Ensuite concernant la construction d’infrastructures, l’Etat dans sa politique du secteur de l’eau, de l’hygiène et de l’assainissement, à travers le PROSEHA a prévu la réalisation de stations de traitement de boues de vidange dans les huit capitales régionales du pays. Les stations de traitement de boues de vidange sont des ouvrages d’assainissement adaptés pour la gestion des eaux usées, excréta en milieu urbain. Niamey en dispose déjà de deux dont une opérationnelle et l’autre en finalisation par le projet de la Plateforme Intégrée pour la Sécurité de l’Eau au Niger (PISEN).

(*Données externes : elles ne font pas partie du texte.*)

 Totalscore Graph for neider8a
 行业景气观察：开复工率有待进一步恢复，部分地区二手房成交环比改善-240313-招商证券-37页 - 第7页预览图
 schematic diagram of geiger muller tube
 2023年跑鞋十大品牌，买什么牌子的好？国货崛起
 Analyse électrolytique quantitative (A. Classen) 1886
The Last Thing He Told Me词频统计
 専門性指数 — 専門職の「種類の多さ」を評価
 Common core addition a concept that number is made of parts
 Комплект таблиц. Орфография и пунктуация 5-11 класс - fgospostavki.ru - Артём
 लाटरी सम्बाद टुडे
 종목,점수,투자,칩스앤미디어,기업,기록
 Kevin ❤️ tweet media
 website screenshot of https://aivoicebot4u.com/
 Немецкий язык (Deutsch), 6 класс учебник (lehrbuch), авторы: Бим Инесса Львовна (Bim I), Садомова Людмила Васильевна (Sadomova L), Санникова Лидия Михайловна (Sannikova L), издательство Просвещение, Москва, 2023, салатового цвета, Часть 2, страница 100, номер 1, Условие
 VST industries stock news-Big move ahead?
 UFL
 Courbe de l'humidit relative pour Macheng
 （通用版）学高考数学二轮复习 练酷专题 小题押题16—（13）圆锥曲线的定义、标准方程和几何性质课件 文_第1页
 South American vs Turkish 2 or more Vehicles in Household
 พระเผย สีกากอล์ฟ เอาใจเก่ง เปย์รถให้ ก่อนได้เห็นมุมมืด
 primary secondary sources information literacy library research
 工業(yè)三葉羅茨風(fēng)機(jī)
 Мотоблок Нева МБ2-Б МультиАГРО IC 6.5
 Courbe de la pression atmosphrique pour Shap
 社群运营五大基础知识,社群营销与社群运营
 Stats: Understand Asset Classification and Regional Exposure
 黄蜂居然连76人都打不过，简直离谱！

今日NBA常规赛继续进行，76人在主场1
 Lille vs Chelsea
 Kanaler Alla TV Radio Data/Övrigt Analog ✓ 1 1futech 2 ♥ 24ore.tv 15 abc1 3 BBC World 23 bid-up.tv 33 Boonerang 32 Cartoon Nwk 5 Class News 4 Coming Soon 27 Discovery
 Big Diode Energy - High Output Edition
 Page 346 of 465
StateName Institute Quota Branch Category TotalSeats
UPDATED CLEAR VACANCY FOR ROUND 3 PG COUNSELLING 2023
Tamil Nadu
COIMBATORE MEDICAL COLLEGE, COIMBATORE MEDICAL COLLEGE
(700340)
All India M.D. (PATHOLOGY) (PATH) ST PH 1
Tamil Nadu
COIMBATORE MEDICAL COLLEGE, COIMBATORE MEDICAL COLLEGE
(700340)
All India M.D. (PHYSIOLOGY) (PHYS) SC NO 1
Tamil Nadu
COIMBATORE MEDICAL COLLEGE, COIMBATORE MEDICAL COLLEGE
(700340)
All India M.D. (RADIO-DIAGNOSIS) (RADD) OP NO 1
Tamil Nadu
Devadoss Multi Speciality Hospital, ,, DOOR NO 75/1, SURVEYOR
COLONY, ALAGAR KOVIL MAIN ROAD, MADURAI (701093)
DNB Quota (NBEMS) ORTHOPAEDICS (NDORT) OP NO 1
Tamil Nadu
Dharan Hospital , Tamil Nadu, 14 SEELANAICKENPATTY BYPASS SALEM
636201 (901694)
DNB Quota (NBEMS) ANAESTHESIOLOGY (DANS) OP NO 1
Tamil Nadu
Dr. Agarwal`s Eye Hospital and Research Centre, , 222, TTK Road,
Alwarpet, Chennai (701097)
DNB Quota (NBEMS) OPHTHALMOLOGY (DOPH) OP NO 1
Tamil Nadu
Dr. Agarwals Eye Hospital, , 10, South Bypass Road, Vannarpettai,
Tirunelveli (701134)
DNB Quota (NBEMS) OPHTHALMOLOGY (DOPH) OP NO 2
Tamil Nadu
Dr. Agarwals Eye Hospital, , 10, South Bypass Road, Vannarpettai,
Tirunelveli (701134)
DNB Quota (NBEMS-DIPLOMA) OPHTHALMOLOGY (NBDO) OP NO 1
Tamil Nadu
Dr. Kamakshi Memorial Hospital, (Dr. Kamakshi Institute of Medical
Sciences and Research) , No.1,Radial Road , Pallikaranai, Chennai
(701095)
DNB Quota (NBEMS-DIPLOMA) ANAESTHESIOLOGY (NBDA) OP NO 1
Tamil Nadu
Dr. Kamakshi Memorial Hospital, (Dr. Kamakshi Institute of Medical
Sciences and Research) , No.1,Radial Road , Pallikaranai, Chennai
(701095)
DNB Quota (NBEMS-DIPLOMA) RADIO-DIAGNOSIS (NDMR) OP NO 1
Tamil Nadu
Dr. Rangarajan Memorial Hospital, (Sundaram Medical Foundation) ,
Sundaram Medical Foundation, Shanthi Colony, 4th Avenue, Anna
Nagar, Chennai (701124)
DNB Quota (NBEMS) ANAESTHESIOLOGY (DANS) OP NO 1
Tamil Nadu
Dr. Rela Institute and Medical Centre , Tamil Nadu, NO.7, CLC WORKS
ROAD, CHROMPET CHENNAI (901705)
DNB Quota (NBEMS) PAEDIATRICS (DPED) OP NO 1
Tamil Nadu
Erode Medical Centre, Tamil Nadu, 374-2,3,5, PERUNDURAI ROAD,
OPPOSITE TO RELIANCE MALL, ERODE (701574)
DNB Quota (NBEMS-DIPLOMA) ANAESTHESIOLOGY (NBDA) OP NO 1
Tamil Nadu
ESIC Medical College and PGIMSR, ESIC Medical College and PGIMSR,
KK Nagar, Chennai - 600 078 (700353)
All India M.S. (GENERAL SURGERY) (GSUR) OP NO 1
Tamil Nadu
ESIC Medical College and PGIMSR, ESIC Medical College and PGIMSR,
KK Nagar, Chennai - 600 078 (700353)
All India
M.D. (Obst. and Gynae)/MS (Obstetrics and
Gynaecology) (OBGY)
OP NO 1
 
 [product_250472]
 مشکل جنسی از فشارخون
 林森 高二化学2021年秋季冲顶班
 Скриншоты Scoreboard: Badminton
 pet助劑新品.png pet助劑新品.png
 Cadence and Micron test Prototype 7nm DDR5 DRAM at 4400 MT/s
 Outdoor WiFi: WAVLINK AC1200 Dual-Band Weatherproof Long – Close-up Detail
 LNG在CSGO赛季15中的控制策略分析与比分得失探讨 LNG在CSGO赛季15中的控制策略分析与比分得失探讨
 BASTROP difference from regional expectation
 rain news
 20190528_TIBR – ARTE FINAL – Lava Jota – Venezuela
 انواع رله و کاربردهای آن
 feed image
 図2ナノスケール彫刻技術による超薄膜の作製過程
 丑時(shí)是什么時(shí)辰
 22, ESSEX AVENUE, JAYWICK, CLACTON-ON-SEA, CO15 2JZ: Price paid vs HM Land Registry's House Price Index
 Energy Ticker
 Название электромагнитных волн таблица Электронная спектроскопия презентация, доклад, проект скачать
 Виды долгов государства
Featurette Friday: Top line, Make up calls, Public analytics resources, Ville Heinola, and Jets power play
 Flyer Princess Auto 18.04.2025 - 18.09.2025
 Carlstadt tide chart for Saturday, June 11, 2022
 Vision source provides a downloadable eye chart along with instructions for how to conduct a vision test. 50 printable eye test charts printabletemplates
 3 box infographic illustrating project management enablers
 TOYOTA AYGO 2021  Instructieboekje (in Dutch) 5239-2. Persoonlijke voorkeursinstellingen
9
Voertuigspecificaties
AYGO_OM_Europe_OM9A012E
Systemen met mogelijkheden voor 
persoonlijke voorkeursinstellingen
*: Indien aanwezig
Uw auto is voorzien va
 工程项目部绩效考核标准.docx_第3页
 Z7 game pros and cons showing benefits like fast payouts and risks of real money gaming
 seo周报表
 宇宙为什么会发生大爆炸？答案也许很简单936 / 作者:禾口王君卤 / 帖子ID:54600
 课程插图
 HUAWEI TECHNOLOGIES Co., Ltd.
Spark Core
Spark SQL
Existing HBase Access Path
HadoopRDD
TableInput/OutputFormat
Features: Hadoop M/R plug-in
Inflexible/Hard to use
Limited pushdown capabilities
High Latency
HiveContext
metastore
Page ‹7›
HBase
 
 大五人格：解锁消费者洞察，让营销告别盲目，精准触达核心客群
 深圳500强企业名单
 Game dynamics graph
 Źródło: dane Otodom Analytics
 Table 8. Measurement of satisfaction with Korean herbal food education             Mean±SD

Deux autres sont en projet de construction pour la ville de Niamey (une qui sera réalisée par le PISEN, et l’autre par la BID). Les études sont en cours pour la réalisation de ces stations dans les 7 capitales régionales restantes sous ressources propres de l’Etat et de ses partenaires. Les stations des villes de Maradi et Zinder seront respectivement réalisées par la plateforme PISEN et la BAD.
Il y a aussi le renforcement du cadre règlementaire de gestion des eaux usées. Plusieurs textes sont élaborés et adoptés relativement à la gestion des eaux usées qu’elles soient domestiques, industrielles ou agricoles. Des normes de rejet sont définies par l’Etat selon les types d’activités. Les textes sont vulgarisés mais l’application n’est toujours pas effective. Les collectivités et les services concernés doivent veiller à l’application stricte de ces textes.
Toujours dans le même sens, nous avons l’élaboration des schémas directeurs d’assainissement et de drainage des eaux pluviales. Il faut aussi noter que la promotion des schémas directeurs d’assainissement et d’évacuation des eaux pluviales pour les villes, dans lesquels s’inscrivent toutes les réalisations en termes d’ouvrages/dispositifs de gestion des eaux usées y compris les eaux pluviales dans le domaine de l’assainissement, est une priorité de l’Etat. Pour le moment seule la ville de Niamey dispose d’un schéma directeur actualisé.
Enfin, il faut indiquer la perspective de création de stations d’épuration des eaux usées. Dans le cadre de la recherche des solutions durables à la gestion des eaux usées, l’Etat veille à la mise en place des ouvrages de gestion adaptés pour la sauvegarde de l’environnement et de la santé.